_Records supplied_.
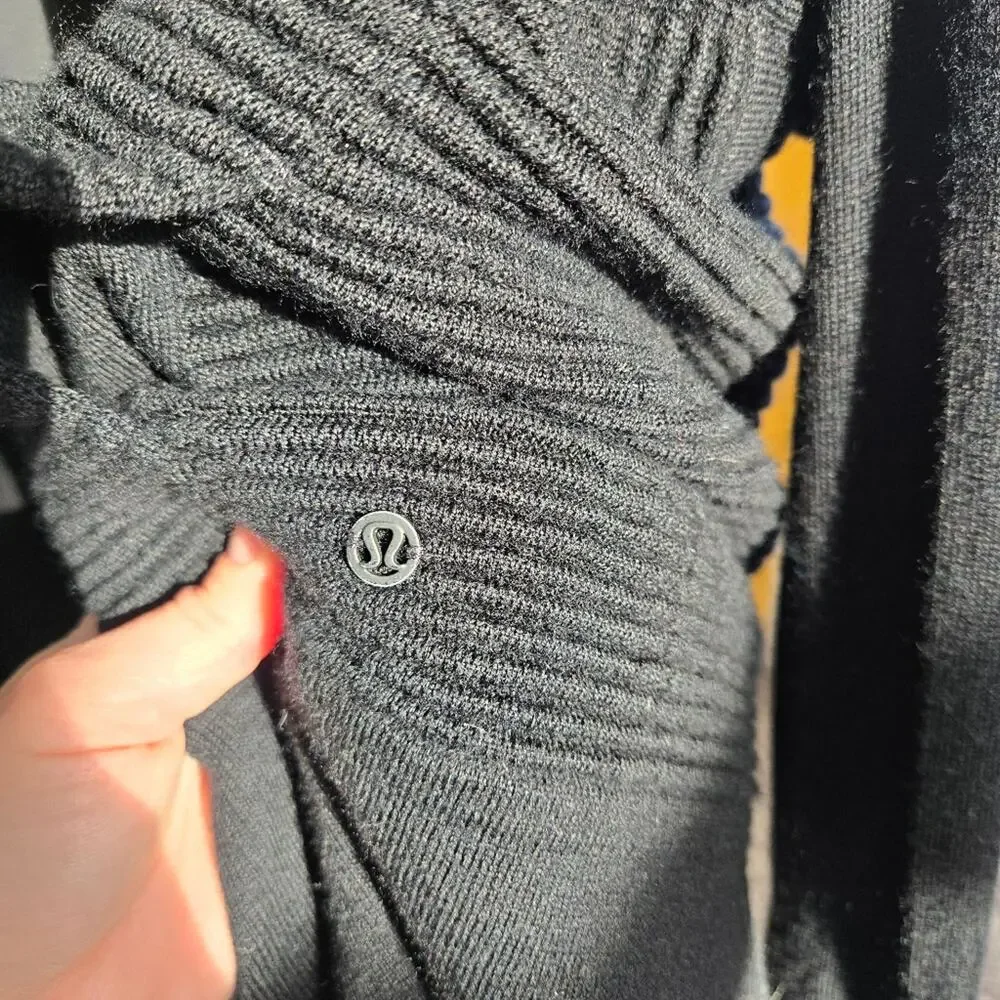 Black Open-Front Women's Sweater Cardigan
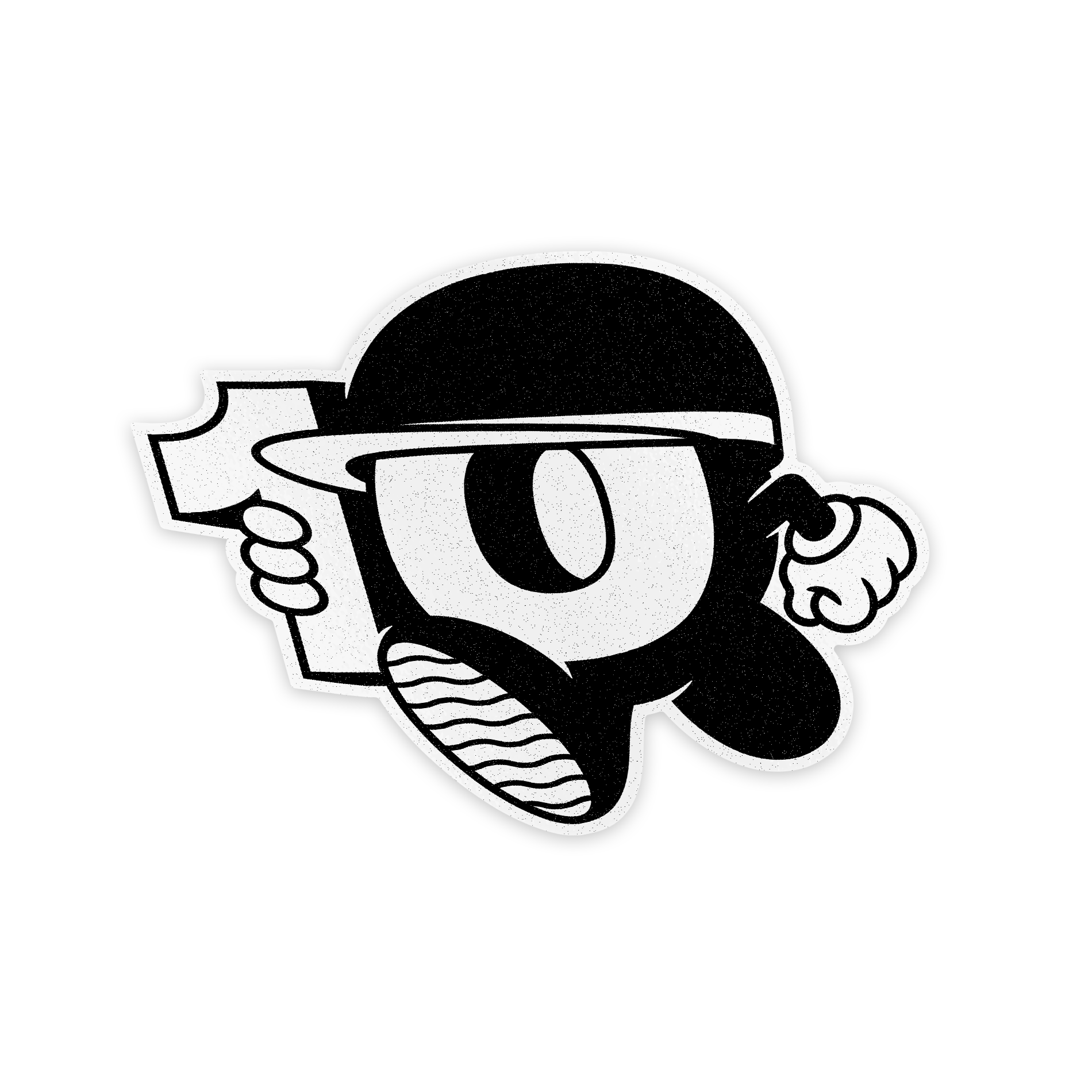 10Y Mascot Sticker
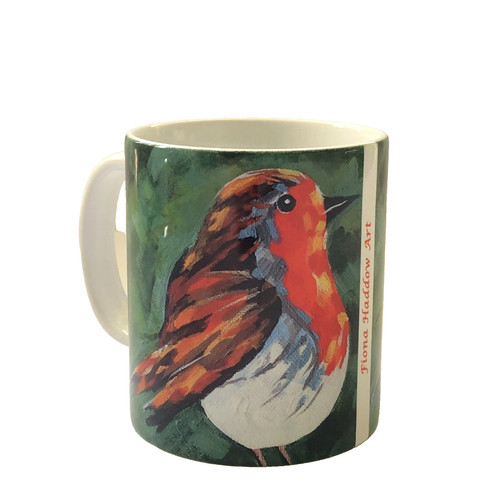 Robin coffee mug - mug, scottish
---
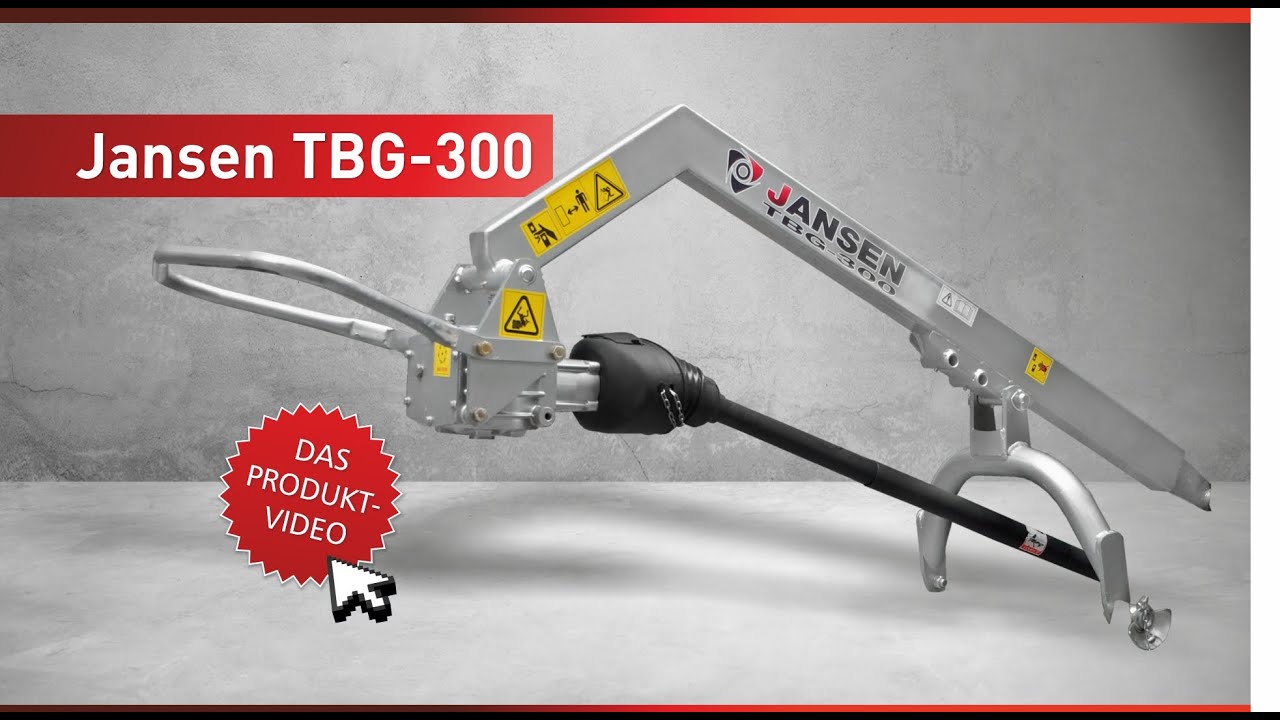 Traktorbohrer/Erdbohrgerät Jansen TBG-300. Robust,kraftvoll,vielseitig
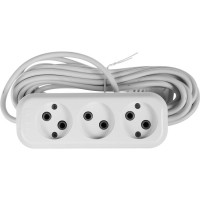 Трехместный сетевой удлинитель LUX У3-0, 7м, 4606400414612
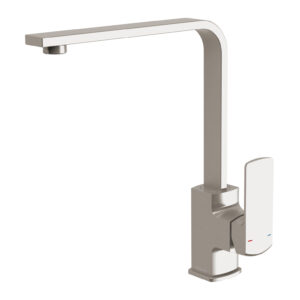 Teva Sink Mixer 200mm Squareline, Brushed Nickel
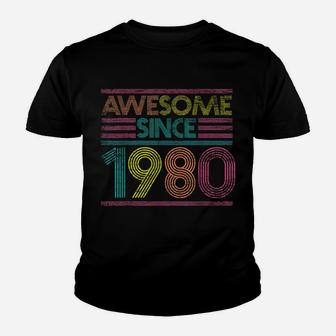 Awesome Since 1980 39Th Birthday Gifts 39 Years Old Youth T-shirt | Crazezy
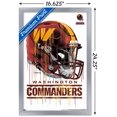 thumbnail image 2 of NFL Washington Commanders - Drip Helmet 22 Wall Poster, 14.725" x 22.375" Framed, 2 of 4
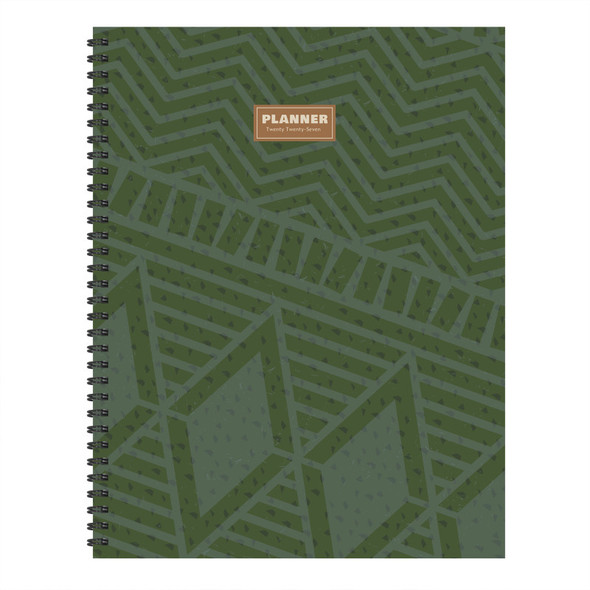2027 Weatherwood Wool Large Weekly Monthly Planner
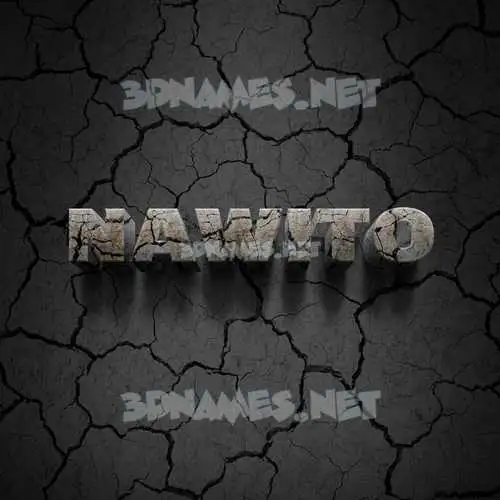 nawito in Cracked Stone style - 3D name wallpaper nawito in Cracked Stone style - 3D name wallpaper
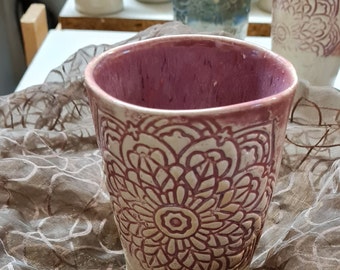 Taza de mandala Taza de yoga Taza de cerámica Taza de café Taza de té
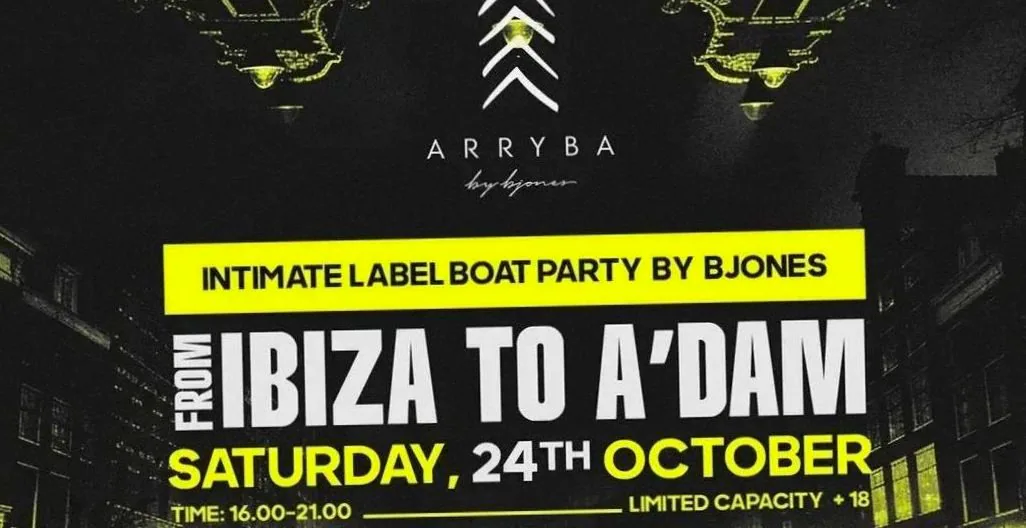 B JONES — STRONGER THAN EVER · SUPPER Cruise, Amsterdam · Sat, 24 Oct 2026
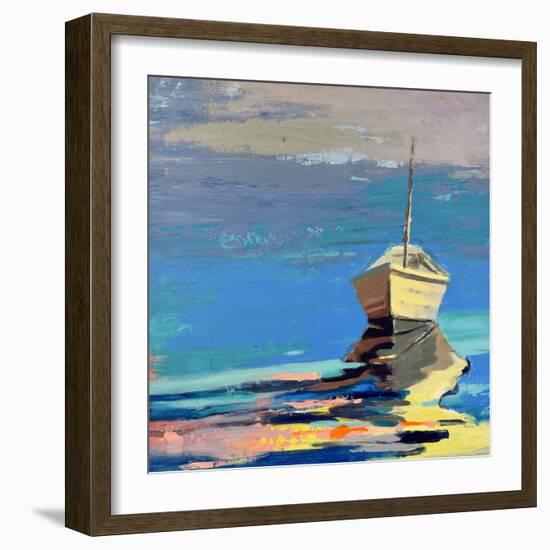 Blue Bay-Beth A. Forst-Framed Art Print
...
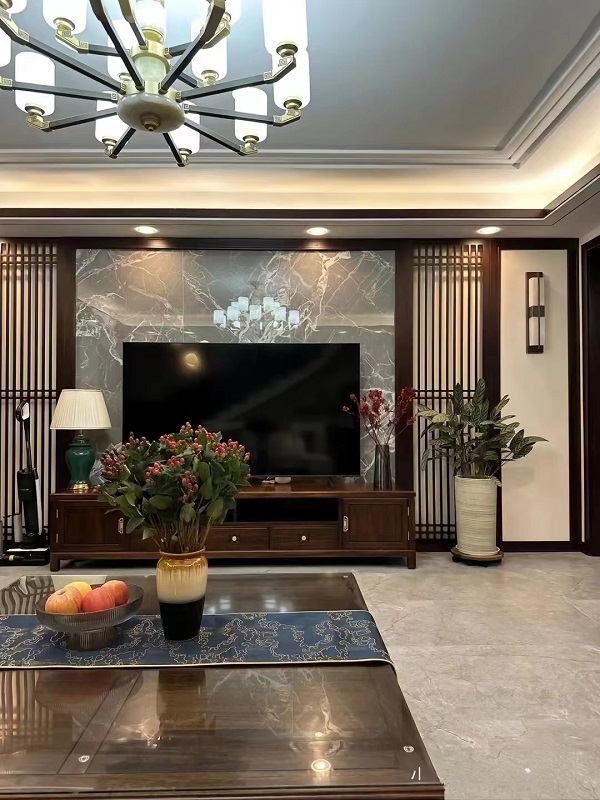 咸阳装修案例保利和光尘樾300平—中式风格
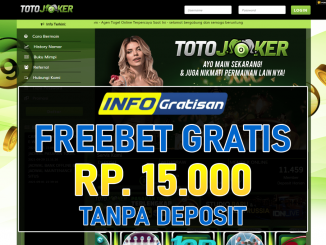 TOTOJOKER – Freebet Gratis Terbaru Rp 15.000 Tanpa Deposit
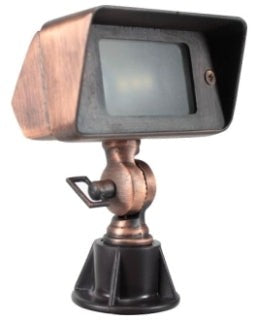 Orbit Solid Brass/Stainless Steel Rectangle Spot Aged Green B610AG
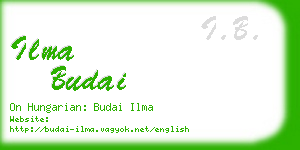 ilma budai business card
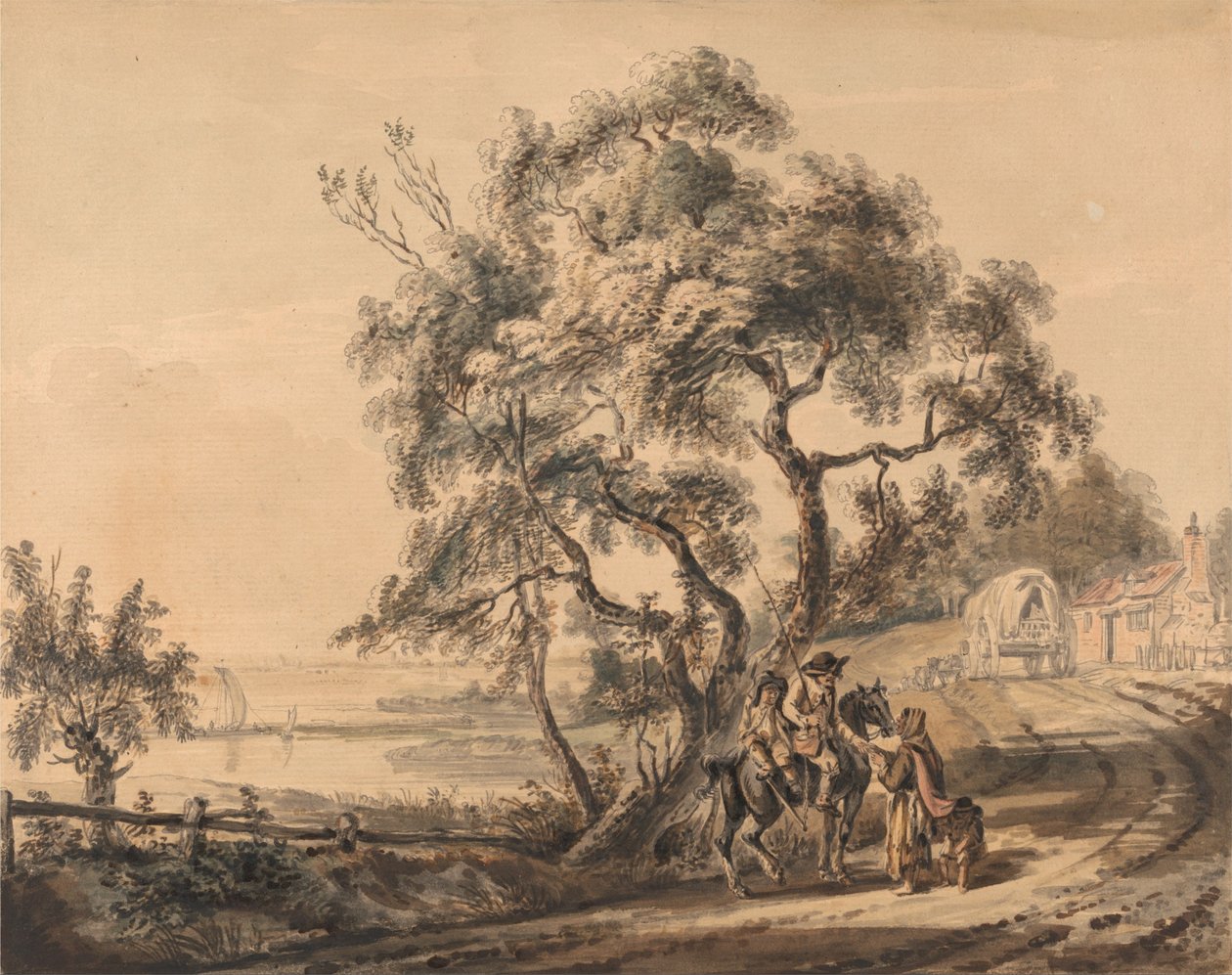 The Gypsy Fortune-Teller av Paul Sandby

_Task to complete_. Find where the line with "Black Open-Front Women's Sweater Cardigan" sits in the material above and where the line with "Robin coffee mug - mug, scottish" sits. Set down exactly the lines from the first to the second, both included and nothing else, without pictures.

_Answer section_.
 Black Open-Front Women's Sweater Cardigan
 10Y Mascot Sticker
 Robin coffee mug - mug, scottish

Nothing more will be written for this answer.